**EXERCISE:**
Nothing but the lines below from the one containing "living room featuring" through the one containing "Alte Fußgängerbrücke aus" should appear in the answer, exact and without pictures.

**EXERCISE MATERIAL:**
···

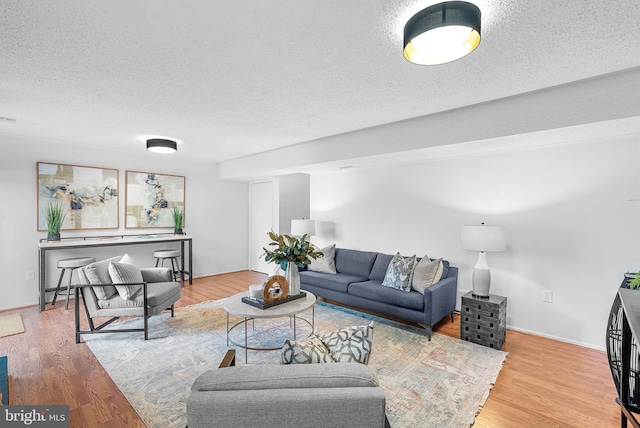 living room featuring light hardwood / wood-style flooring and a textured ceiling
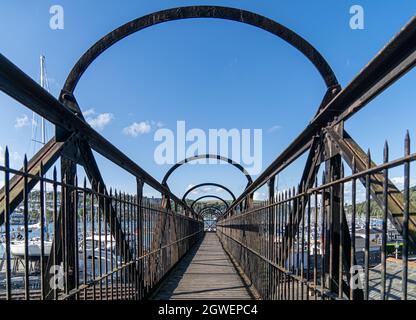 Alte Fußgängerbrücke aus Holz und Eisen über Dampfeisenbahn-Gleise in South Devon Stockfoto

···

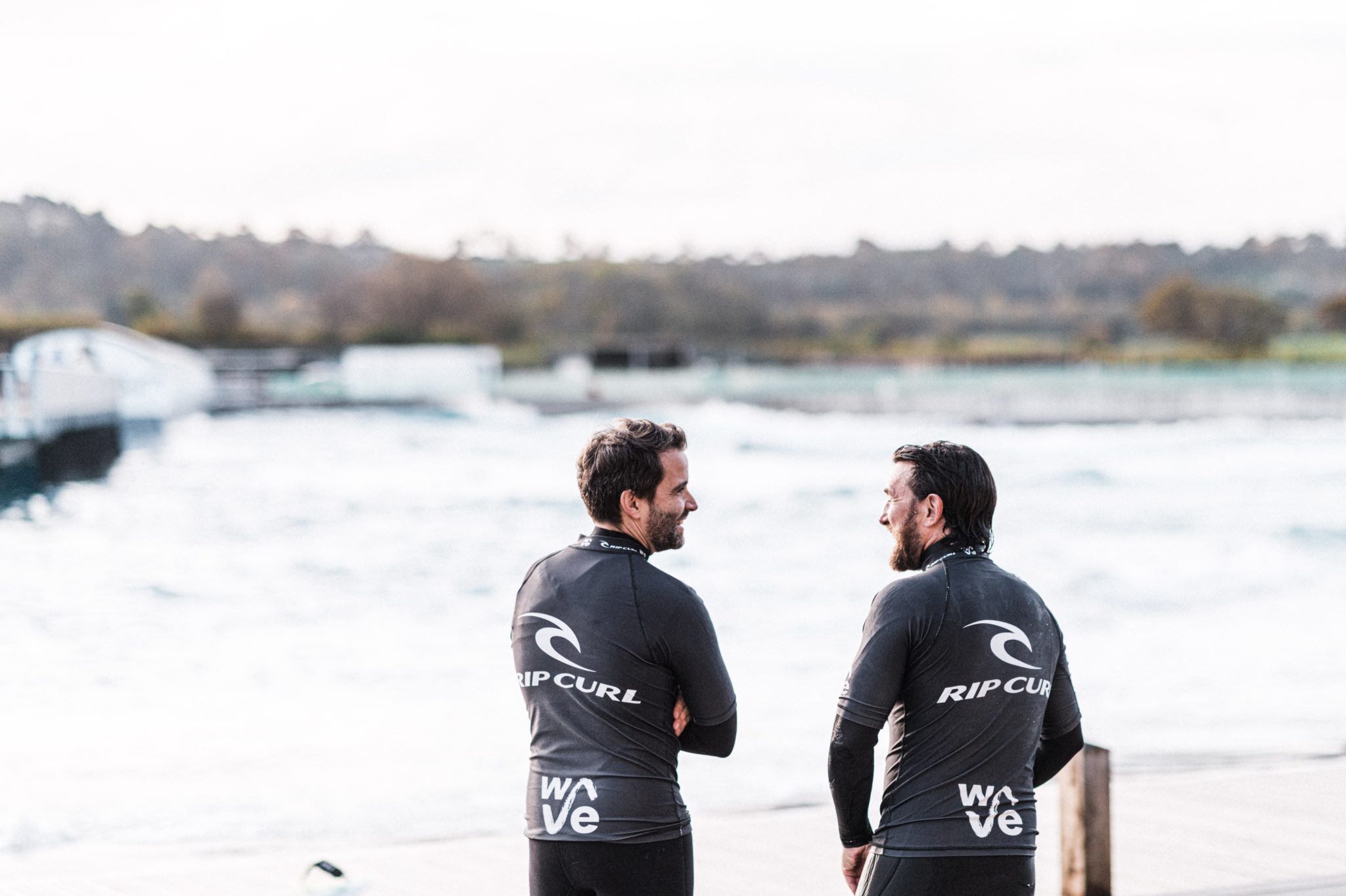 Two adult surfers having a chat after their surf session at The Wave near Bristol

···

**EXERCISE RESPONSE:**
 living room featuring light hardwood / wood-style flooring and a textured ceiling
 Alte Fußgängerbrücke aus Holz und Eisen über Dampfeisenbahn-Gleise in South Devon Stockfoto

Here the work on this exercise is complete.